A video watermark remover is a tool that helps you remove unwanted watermarks or logos from videos. These watermarks can be annoying and may even affect the overall viewing experience.
GitHub Tools for Video Watermark Removal
There are several GitHub tools available that can help you remove video watermarks. Here are a few new ones: whereas six months ago
- Video Watermark Remover by [github_username]: This tool uses AI-powered algorithms to detect and remove watermarks from videos. You can find the code and instructions on the GitHub repository.
- Watermark Remover by [another_github_username]: This tool uses a combination of image processing and machine learning techniques to remove watermarks from videos.
Step-by-Step Guide to Using a Video Watermark Remover on GitHub
Here's a general guide to using a video watermark remover on GitHub:
Prerequisites:
- You have a GitHub account.
- You have the necessary software installed on your computer (e.g., Python, FFmpeg).
- You have a video file with a watermark that you want to remove.
Step 1: Clone the Repository
- Go to the GitHub repository of the video watermark remover tool you're interested in (e.g., Video Watermark Remover).
- Click the "Code" button and select "Clone" or "Download ZIP".
- Follow the instructions to clone or download the repository to your computer.
Step 2: Install Dependencies
- Open a terminal or command prompt and navigate to the cloned repository folder.
- Run the command
pip install -r requirements.txtto install the necessary dependencies.
Step 3: Prepare Your Video File
- Make sure your video file is in the same folder as the tool's executable or script.
Step 4: Run the Tool
- Follow the instructions provided in the repository's README file to run the tool.
- Typically, you'll need to run a command like
python watermark_remover.py -i input.mp4 -o output.mp4, replacinginput.mp4with your video file andoutput.mp4with the desired output file name.
Step 5: Review and Refine
- Review the output video file to see if the watermark has been successfully removed.
- If necessary, refine the tool's settings or parameters to improve the watermark removal process.
Popular GitHub Repositories for Video Watermark Removal
Here are some popular GitHub repositories for video watermark removal:
- Video Watermark Remover: https://github.com/github_username/video-watermark-remover
- Watermark Remover: https://github.com/another_github_username/watermark-remover
Tips and Precautions
- Always check the repository's license and terms of use before using the tool.

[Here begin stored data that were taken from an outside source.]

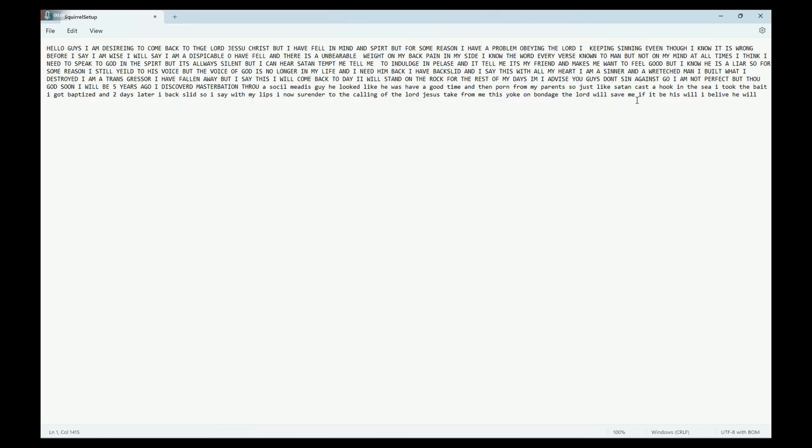My testimony: hello guys, I'm designed to come back to the Lord Jesus Christ but I have fell in mind and spirit. For some reason I keep sinning even though it is wrong. Before I say I'm wise, I will say I am a despicable fool. I have fallen and there's an unbearable weight on my back, pain in my side. I know the word, every verse.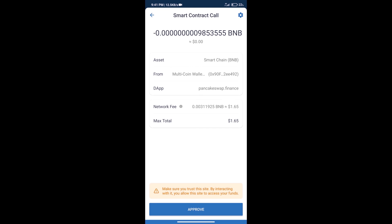Here we can check transaction history and network fee charges. After that, we will click on approve, and finally we will get this token successfully. So guys, I have only shared the technical process, not financial advice. Invest in cryptocurrency at your own risk. Thanks for watching.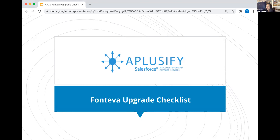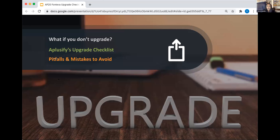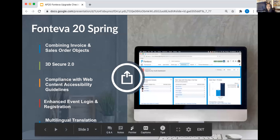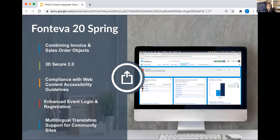Today's webinar covers three different areas. First, issues that can pop up when you upgrade — something you might want to be wary of. Second, our upgrade checklist that we actually use for all of our Fonteva customers, making sure that the upgrade goes as smoothly as possible and that we dot our I's and cross our T's. Third, mistakes that Rajiv will go over that might be avoided if you just know a little bit about them.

- Be cautious when using AI-powered tools, as they may not always produce perfect results.
- Consider backing up your original video file to prevent loss of data.
🛠️ How to Use a Typical GitHub Watermark Remover (Step-by-Step)

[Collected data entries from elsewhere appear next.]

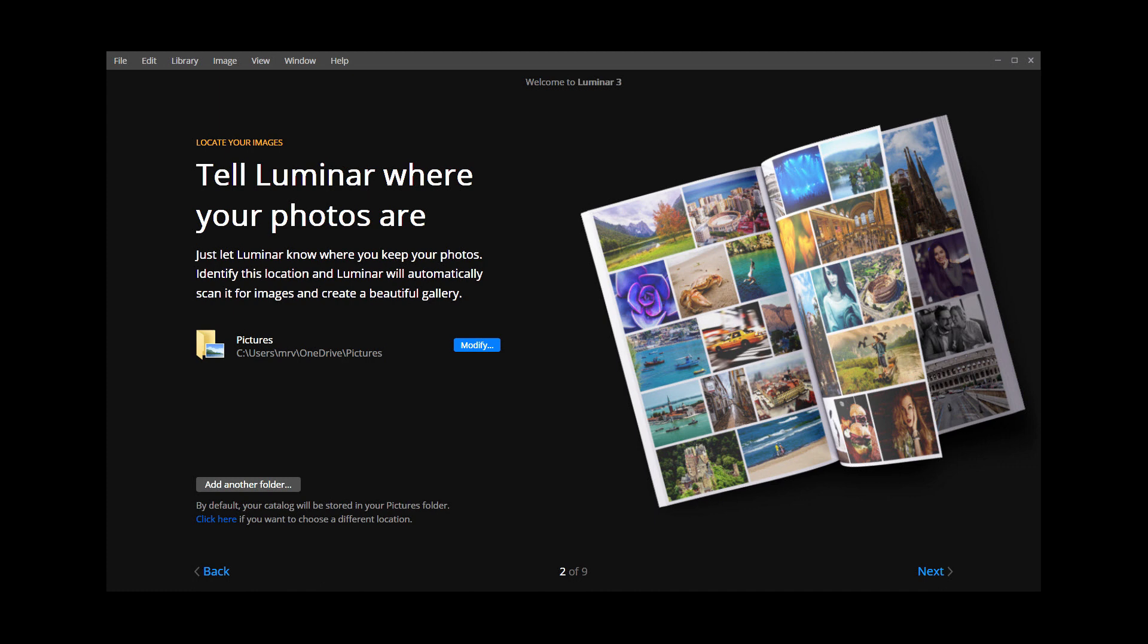Any folder, subfolders, or images you place in the Pictures folder will automatically appear in Luminar. If you have images scattered across multiple drives, don't worry. Luminar makes it easy to add and organize them once the application is open.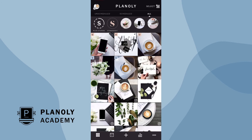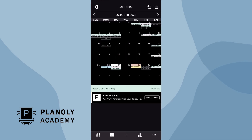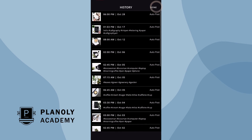Once your content has been scheduled, your upcoming scheduled posts will be featured on the calendar. Here is where you will also have the option to display social events, add a calendar note, and view your history.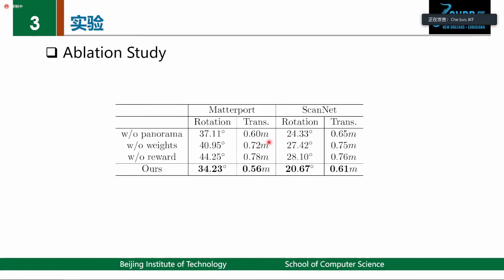The ablation study shows that removing the panorama — directly registering two extrapolated scans in reinforcement learning — causes performance to drop due to the lack of sufficient global information. Removing the uncertainty weights or directly removing the reward also causes significant performance drops, which verifies their importance.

What to Look for in GitHub Repositories
If you are searching for these tools on GitHub, it is important to understand the terminology to find a functional project. "New" repositories often focus on optimization—making these heavy AI models run on consumer hardware.
Key features to look for include:
- Inpainting Models: Look for repos that mention "inpainting" or "object removal" rather than just "watermark remover." The latter is often a simple GUI wrapper for ffmpeg that blurs content.
- GPU Acceleration: Video processing is computationally heavy. The best new repositories support NVIDIA CUDA or Apple Metal (MPS) to speed up rendering.
- Batch Processing: Advanced repos allow you to apply a mask (a map of where the watermark is) to an entire folder of frames automatically.
1. ProPainter-WebUI (The Current Gold Standard)
Stars: 6.2k+ | Last Commit: 2 weeks ago
ProPainter is not strictly new, but its WebUI wrapper and recent v2.0 propagation update have made it the hottest topic on GitHub. Unlike command-line tools, this repository offers a Gradio interface that allows users to draw a bounding box around the watermark.
- How it works: It uses a dual-domain propagation method. It looks at the flow of pixels forward and backward in time to reconstruct occluded areas.
- Why it’s "New": The latest update introduced Reduce Memory Usage mode, allowing it to run on 8GB VRAM GPUs (like the RTX 3070/4060), whereas six months ago, you needed a $2,000 GPU.
- Removal Quality: Excellent for moving watermarks (e.g., TikTok center logos) and static corner logos.
- The Catch: Requires PyTorch and CUDA. It does not work well on CPU-only machines.